编辑 1: 按照@anubhava 的要求添加代码
declare -A ordered_array
ordered_array[0]="frameshift_variant"
ordered_array[1]="missense_variant"
ordered_array[2]="inframe_insertion"
ordered_array[3]="inframe_deletion"
while read -r LINE; do
chrom=$(echo -e "$LINE" | cut -f1 -d$'\t' | sed 's/^chr//g')
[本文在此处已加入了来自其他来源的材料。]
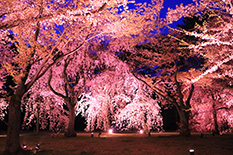 京都　桜　ライトアップ　高画質写真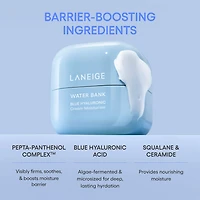 Water Bank Blue Hyaluronic Cream Moisturizer for Moisture Barrier Repair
pos=$(echo -e "$LINE" | cut -f2 -d$'\t')
ref=$(echo -e "$LINE" | cut -f3 -d$'\t')
alt=$(echo -e "$LINE" | cut -f4 -d$'\t')
LINE=$(echo -e "$LINE" | sed 's/^chr//g')
ensembldb=$(echo "PREPARE stmt1 FROM 'SELECT Annotated_ID, Transcript, Gene_ID, Gene_name, Consequence, Swissprot_ID, AA_change, Biotype, Gene_description, RefSeq_mRNA, RefSeq_peptide FROM SNP_annot.37_annot_ensembl_89_full_descr where chrom = \"$chrom\" and Start = \"$pos\" and Local_alleles = \"$ref/$alt\"'; execute stmt1;" | mariadb -A -N)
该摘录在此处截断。